───── Material provided ─────

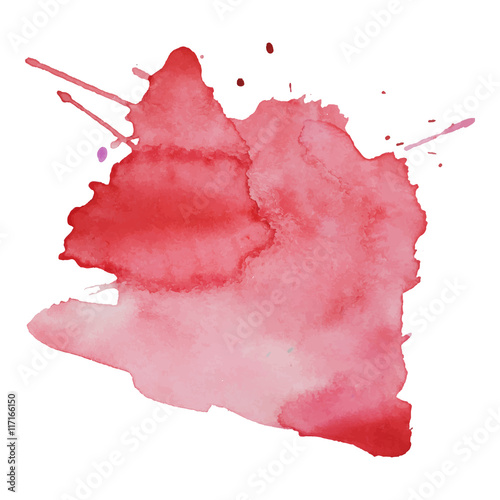 Abstract watercolor stain with splashes multicolor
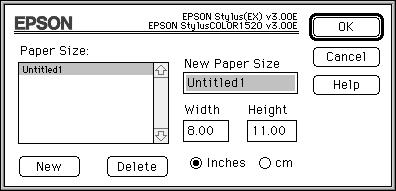 6Macintosh Defining a Custom Paper Size If your paper size is not included in the paper size list in the Page Setup dialog box, follow the steps below to define a custom paper size. 1.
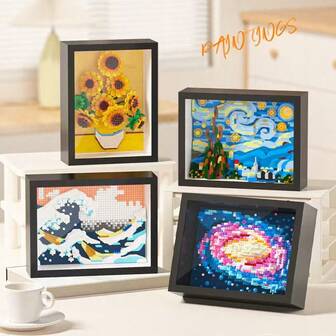 World Famous Painting Brick Building Block Set, DIY Self-Assembly, Micro-Particle Bricks For Precise Details, Sunflower Frame Bricks, The Great Wave Of Kanagawa Frame Bricks, Starry Night Frame Bricks, Adult & Teen Building Block Toys, Stress Relief Toys, Desk & Home Decor, Office Decor, Creative Gifts For Holidays, New Year, Birthday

─────

Requirement:
Copy each line of the listing exactly, skipping any picture.

Solution to the problem:
 Abstract watercolor stain with splashes multicolor
 6Macintosh Defining a Custom Paper Size If your paper size is not included in the paper size list in the Page Setup dialog box, follow the steps below to define a custom paper size. 1.
 World Famous Painting Brick Building Block Set, DIY Self-Assembly, Micro-Particle Bricks For Precise Details, Sunflower Frame Bricks, The Great Wave Of Kanagawa Frame Bricks, Starry Night Frame Bricks, Adult & Teen Building Block Toys, Stress Relief Toys, Desk & Home Decor, Office Decor, Creative Gifts For Holidays, New Year, Birthday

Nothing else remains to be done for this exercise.